Translating Context with Digital Media in Medieval Icelandic Literature

Connors, Colin Gioia. 2022. "Translating Context with Digital Media in Medieval Icelandic Literature: Hrafnkels saga and The eSaga Project." In Culture Work: Folklore and the Humanities for a 21st Century Public, ed. Tim Frandy & Marcus Cederström, pp.302-11. Madison: University of Wisconsin Press.

Medieval Icelandic literature is challenging to teach because it is challenging to read. Even in translation, medieval sagas of Viking Age heroes are dense and unforgiving. The number of characters one must keep track of boggles the mind, as does the foreign geography, which plays such a fundamental and meaningful part of the storytelling, but which inevitably dissolves into a mental soup of characters and places named Thor-this and Thor-that. Meanwhile, the story—a very nuanced and poetic commentary on justice, who has access to it, and how the intersections of race, gender, class, religion, and privilege affect that access—goes by wholly unappreciated. New readers don’t know who’s who, who’s where, what the rules and social norms are of this society they’ve only just encountered, and why seemingly minor transgressions can spiral into cyclones of homicidal violence. However, those who spend a decade studying the sagas come to love them, to recognize each and every Thor by name, to track their travels over heath and moor, to comprehend the machinations of their complex feuds, and to cherish the sagas’ deeper themes and insightful lessons. The question is: how does one teach Iceland’s medieval literature to someone who hasn’t got a decade to spare? What if, as is the case in many college classrooms, you only have one week?

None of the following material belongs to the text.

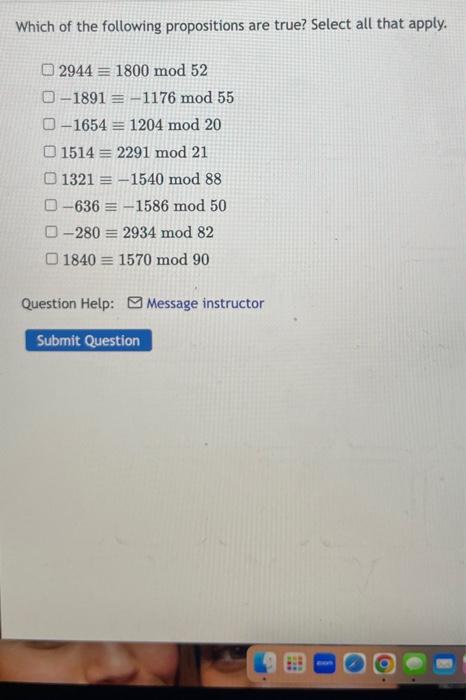 Solved Which Of The Following Propositions Are True? Select | Chegg.com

This chapter explores new avenues made open to folklorists by digital means for translating contextual elements in a textual (or hypertextual) medium. Using widgets in Apple iBooks and tools such as Google Maps, it is possible to represent the medieval audience’s cultural and historical knowledge as well as their phenomenological understanding of geography. While impossible to recreate a folkloric event that can never be fully known, it is possible using digital means to translate something of the immanent whole that is necessary to interpreting these medieval texts. Meaningful translation goes beyond the mere linguistic translation of a text, and requires the inclusion and translation of the cultural context of the folkloric material, for which new and digital methods are especially useful.